To: Dayuhan who wrote (8997)8/3/1999 8:36:00 AM
From: Liatris Spicata  Read Replies (1) | Respond to of 9980
 
Stephen-

<<I can't see how it is in the Government's interest to make a huge issue out of the Lee case if they are not prepared to release the evidence or place him on trial. The government certainly comes off looking lame.>>

Here I go, violating my own preference to stay out of this. But you have to distinguish between the various facets of government. I'm middling certain security types in DISA and the FBI would have preferred the Lee case not become a public display- and only in part because the Lee case appears to underscore their own lapses.
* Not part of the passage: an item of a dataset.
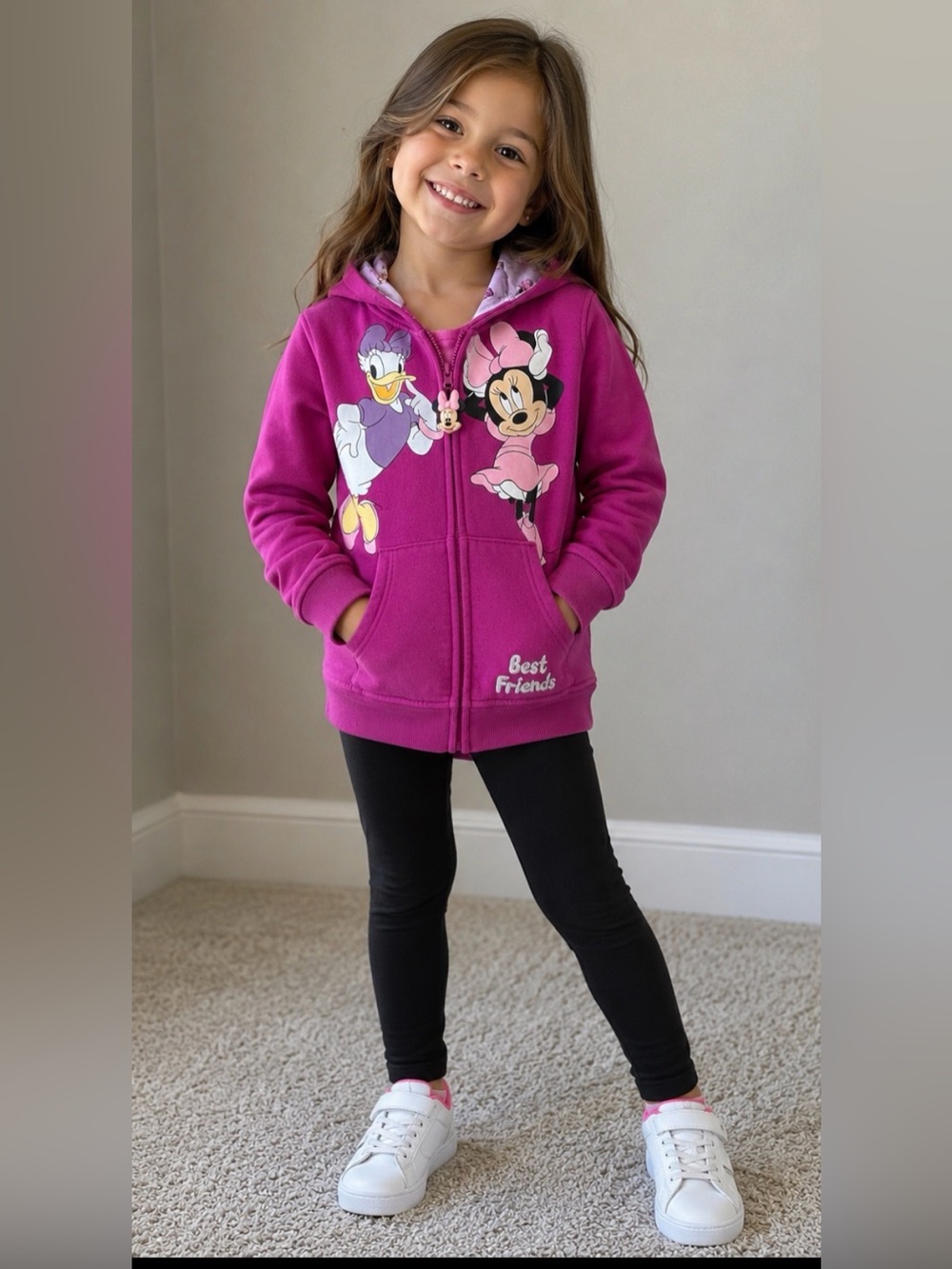 Disney 🐭 Junior Minnie Mouse & Daisy Zip Hoodie Girls 🩷 Size 7 Pink Fleece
But Congress has its own agenda- from political theater to genuine outrage of just another example of Clinton's lying, only this time he was likely playing his own political agenda to the detriment of the security of the United States.

<<If Lee's sole transgression was copying of files onto an insecure computer, how do we deduce that he was spying for China?
Assuming that he is spying, he could just as easily be spying for Israel, or Taiwan, either of which would give plenty to get their hands on nuclear secrets.>>


No, you don't deduce he was spying for China based purely on the evidence you cited. And the FBI and DISA don't rush to that judgement either. What makes you think they do?? You seem to presuppose that you know the relevant facts. But even much of the Cox report was classified. Insofar as Mary Cluney was saying a person should not be convicted in the court of public opinion, I agree with her (but in fact, she said much more).

<<If such copying of files is standard practice among scientists, as Lee claims (and I do not find the claim incredible), why was Lee singled out?>>

If this was a common practice at the lab where he worked, I am confident it is no longer so. But if Lee was "singled out" it may well have been for reasons that are not public and will not be made public. I regard as unfortunate that the laws governing criminal proceedings- the requirement of open trials- sometimes make it so that security cases are not prosecuted. The government does not want to disclose certain information that would be necessary to prosecute such people. In this way, people who have jeopardized the security of the United States- and freedom itself- sometimes escape criminal prosecution.

Your suggestion of racism on the part of those who handled Lee's case is utterly unsupported.